Platforms like Alibaba Cloud, OpenAI, etc offer scalable services tailored for smaller businesses:
- Pre-built machine learning models (e.g., customer segmentation) reduce technical barriers.
- Pay-as-you-go pricing models make advanced tools more accessible.
Niche Markets
SMEs can focus on niche markets where personalization is less dependent on large datasets:
- Localized products or services tailored to specific communities.
- Emphasis on human-centric experiences that complement digital interactions.
Government Support Programs
In China, initiatives under Vision 2035 include efforts to digitize rural economies:
- Subsidies for adopting basic automation tools in agriculture or retail.
- Training programs aimed at equipping small business owners with digital skills.
D. The Survival Dilemma: Can SMEs Compete?
General Implications
For smaller retailers globally:
- Cost Pressures: Competing with larger players who use AI for dynamic pricing can erode profit margins.
- Customer Expectations: As consumers become accustomed to personalized experiences from AI-driven platforms like Amazon or Meituan, smaller retailers struggle to meet these expectations without similar tools.
- Operational Inefficiencies: Without access to predictive analytics or supply chain optimization tools, SMEs face higher costs and slower delivery times.

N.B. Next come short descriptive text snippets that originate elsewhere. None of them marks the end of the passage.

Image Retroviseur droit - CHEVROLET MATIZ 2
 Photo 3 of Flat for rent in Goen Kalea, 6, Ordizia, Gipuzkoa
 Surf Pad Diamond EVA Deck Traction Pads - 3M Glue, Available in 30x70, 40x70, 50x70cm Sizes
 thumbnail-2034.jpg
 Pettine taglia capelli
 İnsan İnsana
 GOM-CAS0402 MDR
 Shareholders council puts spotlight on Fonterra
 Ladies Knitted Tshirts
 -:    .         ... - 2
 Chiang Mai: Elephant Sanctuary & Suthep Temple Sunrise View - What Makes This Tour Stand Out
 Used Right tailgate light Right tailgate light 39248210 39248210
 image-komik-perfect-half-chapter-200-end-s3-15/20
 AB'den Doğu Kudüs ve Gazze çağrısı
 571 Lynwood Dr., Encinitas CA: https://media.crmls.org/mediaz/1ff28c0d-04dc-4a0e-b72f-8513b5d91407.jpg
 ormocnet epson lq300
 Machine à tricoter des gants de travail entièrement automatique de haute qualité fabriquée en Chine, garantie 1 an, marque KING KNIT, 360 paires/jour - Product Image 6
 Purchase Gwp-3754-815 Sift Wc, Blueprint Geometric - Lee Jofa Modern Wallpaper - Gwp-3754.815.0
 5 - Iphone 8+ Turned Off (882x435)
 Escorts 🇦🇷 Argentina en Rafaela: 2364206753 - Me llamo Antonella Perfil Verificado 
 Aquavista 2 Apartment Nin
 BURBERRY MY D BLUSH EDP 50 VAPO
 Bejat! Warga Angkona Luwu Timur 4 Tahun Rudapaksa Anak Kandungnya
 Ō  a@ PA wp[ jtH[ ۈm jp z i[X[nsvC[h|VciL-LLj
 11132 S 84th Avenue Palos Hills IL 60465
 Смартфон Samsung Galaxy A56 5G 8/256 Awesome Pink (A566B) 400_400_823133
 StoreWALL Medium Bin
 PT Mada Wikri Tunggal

China-Specific Implications
In China’s competitive retail environment:
- Platform Dependency: Many small retailers rely on platforms like Taobao, Meituan, or JD.com for visibility but face high commission fees that cut into profits.
- Government Policies Favoring Scale: Policies under Vision 2035 focus on scaling industries rather than supporting grassroots innovation among SMEs.
- Risk of Consolidation: As larger companies consolidate their dominance through AI-driven efficiencies, smaller players risk being absorbed into larger ecosystems or pushed out entirely.
WPC Take-away
The integration of AI into retail and other sectors presents both opportunities and risks for SMEs. While larger companies leverage AI at scale to dominate markets, smaller businesses must navigate limited resources and knowledge gaps.
For SMEs globally—and especially in China—the key lies in adopting affordable, scalable solutions while focusing on niche markets where human connections still hold value. Governments and tech providers must also play a role by democratizing access to AI tools through subsidies, training programs, and shared platforms.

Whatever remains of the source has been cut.